Di Earl Stone Eastwood dà col suo classico viso gelato una meravigliosa descrizione sfaccettata – quest'uomo misto di irresponsabilità e gentilezza, di generosità e di egoismo, chiuso nel suo passato di rovina familiare che sembra irreparabile, amico fedele dei suoi ex commilitoni, e nel contempo vecchio puttaniere a dispetto della venerabile età.
Qui parliamo sempre di Eastwood ma, si capisce, non dobbiamo dimenticare di accostare al suo nome quello dello sceneggiatore Nick Schenk che come in Gran Torino riesce a porsi come un perfetto interprete della moralità e della personalità eastwoodiana. Non per nulla il protagonista ricorda quello di Gran Torino nel modo in cui rifiuta la camicia di Nesso del politically correct (grande l'incontro con le Dykes on Bikes, un'associazione di lesbiche motocicliste il cui copyright è riconosciuto nei titoli di coda). Ma se Gran Torino aveva ancora nelle sue pieghe un intento di convincere, Il corriere ci sbatte letteralmente in faccia il suo gigantesco personaggio e ci dice, potrebbe essere il motto di tutto il cinema di Eastwood, “Questo è questo”. E' un film di immediata sincerità. Di qui la vivezza imprevedibile dei suoi movimenti. Clint Eastwood che attacca discorso con Bradley Cooper al bar una mattina presto, ed è sì un contatto col nemico ignaro, quasi una sfida, ma diventa un momento di confidenza personale in cui gli consiglia di non rovinarsi il rapporto con la famiglia come ha fatto lui... questa è la realtà concreta della vita.
Ne Il corriere Eastwood fa i conti con l'opposizione centrale del cinema maschile e individualista, opposizione più che mai viva per un hawksiano come lui: quella tra la famiglia e il lavoro. Da un lato il lavoro è fondamentale per l'uomo eastwoodiano e hawksiano, che è, come si dice, il breadwinner, colui che procura alla famiglia il pane quotidiano. Dall'altro il lavoro lo ingloba e lo trascina. Attraverso il lavoro, e il circuito di amicizie connesso, l'uomo eastwoodiano tende a evadere dalla famiglia senza nemmeno accorgersene – a rischio di perderla. Un pericolo bene espresso ad esempio in American Sniper.

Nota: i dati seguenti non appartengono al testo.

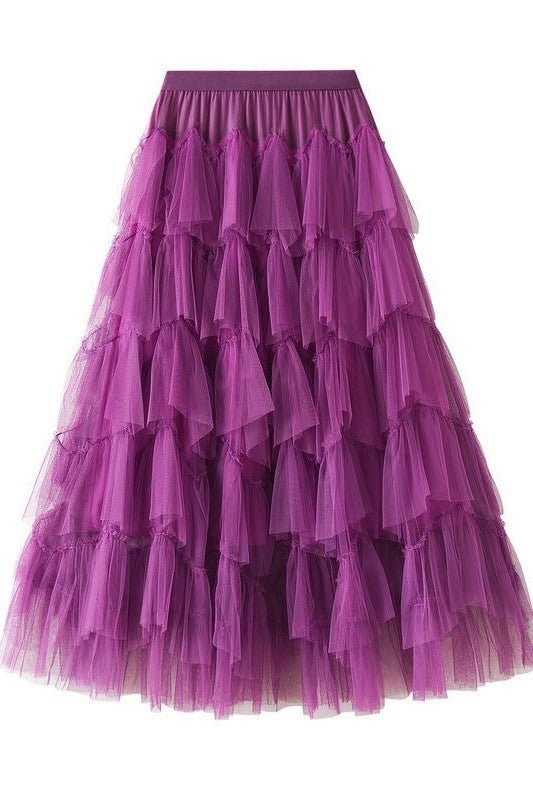 Tiered chiffon midi skirt - Happily Ever Atchison Shop Co.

Ma c'è di più. Poiché gioca in questo processo un elemento di egoismo fortemente (e verrebbe da dire naturalmente) maschile, l'allontanamento dalla famiglia si trasforma in vera e propria fuga. Proprio questo elemento ne Il corriere è enucleato e messo a nudo in modo commovente. Il che assimila il film a un eccellente Eastwood meno conosciuto di altri, Gunny (che non a caso viene citato qui nel nome di un locale). Così il tema dell'uomo divenuto estraneo alla propria famiglia si intreccia direttamente con un tema assai presente in tutto il cinema di Clint Eastwood che è quello della responsabilità. Nel momento della vecchiaia, l'età in cui uno guarda indietro senza alibi alla propria vita, quanti eroi eastwoodiani – possiamo ricordare anche Million Dollar Baby o Gran Torino – hanno alle spalle famiglie o figli indifferenti e ostili.

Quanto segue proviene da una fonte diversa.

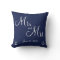Mr. and Mrs. Navy Blue Nautical Wedding Pillows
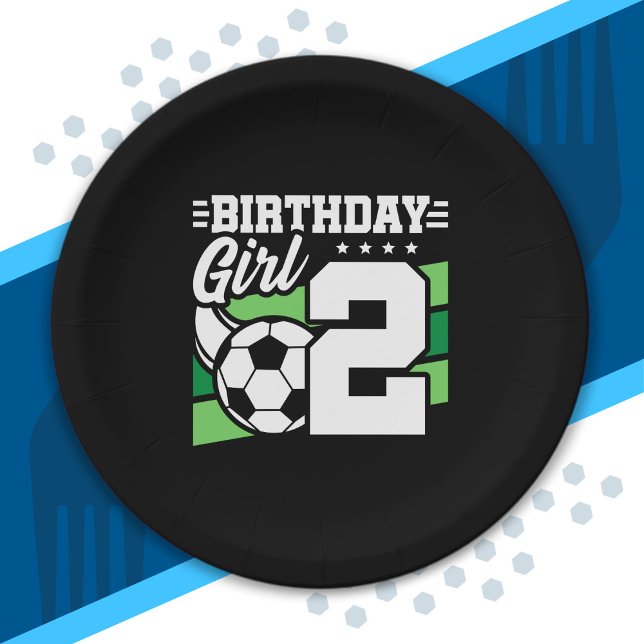 Soccer Birthday - 2 Year Old Girl - 2nd Birthday Paper Plates (Creator Uploaded)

Non occorre essere Herr Doktor Freud per accorgersi che nel personaggio di Earl Stone si può leggere in filigrana una proiezione di Eastwood stesso; e non è certo casuale che nella parte della figlia estraniata (una figura già drammaticamente presente in Million Dollar Baby) Eastwood abbia voluto impiegare la proprio figlia nella realtà, Alison Eastwood (detto per inciso, parlando della famiglia di Earl non si può non menzionare anche Dianne Wiest nel ruolo dell'ex moglie, protagonista di una delle scene di morte più autentiche e commoventi viste di recente al cinema).
Grande individualista, Clint Eastwood è anche un grande umanista. Vale per lui la frase classica: “Homo sum, humani nihil a me alienum puto”. Un dettaglio minore ma significativo: la sorprendente rivelazione quando proprio il più aggressivo dei “cattivi”, quello che pare il più indifferente all'umanità, il messicano barbuto, è toccato quando scopre che Earl è mancato alla consegna della droga perché è andato al funerale della moglie, e cerca in qualche modo di giustificarlo al telefono col capo del cartello; “su esposa”, dice con un'inflessione di voce significativa.

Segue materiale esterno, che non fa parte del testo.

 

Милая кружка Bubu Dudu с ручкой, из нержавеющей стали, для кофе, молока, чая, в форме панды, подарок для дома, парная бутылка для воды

C'è qualcosa dell'individualismo western nella beata incoscienza con cui Earl accetta il suo lavoro di corriere della droga – incoscienza “scandalosa”, e forse ciò aiuta a capire come mai questo film stupendo sia stato totalmente ignorato agli Oscar. Il progressivo inserimento di Earl nel ben pagato “lavoro” nasce in origine da una situazione difficile: il piccolo coltivatore di fiori è rovinato dalla concorrenza dell'e-commerce (suona familiare?). La compromissione peggiora quando lui decide di salvare il locale dove si radunano da anni i reduci di guerra, a rischio chiusura perché l'assicurazione non paga (suona familiare?). In questo senso Il corriere è anche un film politico, anche al di là di alcune fulminanti notazioni sulla dura condizione dei latinos negli States (come dimenticare l'uomo di aspetto latino fermato dalla polizia, che diventa logorroico per la paura).
Ma non è la storia di un benefattore. E', questa, una storia di denaro (lo stupore quasi infantile di Earl davanti alle buste piene di dollari!); è una storia di attrazioni materiali, alle quali Earl è tutt'altro che indifferente; il compiacimento con cui vengono inquadrati i bellissimi derrière delle signore di piccola virtù nella festa del cartello della droga messicano parla chiaro. E tuttavia Earl Stone, pessimo padre e marito, corriere della droga, bugiardo sperimentato (la scena deliziosa dell'incontro col poliziotto e il cane antidroga!), attraversa il film come una specie di puro.
Non è un allegro immoralismo come ci potremmo aspettare da altri autori, metti Tarantino o Rodriguez, per esempio; perché Il corriere è un film profondamente morale. Non si capirebbe altrimenti il finale, che non è un omaggio ai buoni costumi ma è, appunto, una virile accettazione del concetto di responsabilità, verso la legge e verso tutti. In modo audacemente paradossale, proprio la parabola di Earl nell'illegalità porta con sé una riscoperta della famiglia, e un'autocritica rispetto alla propria assenza, e infine una riappacificazione. Quello che conta per Eastwood è sempre l'amore che ci si lascia dietro.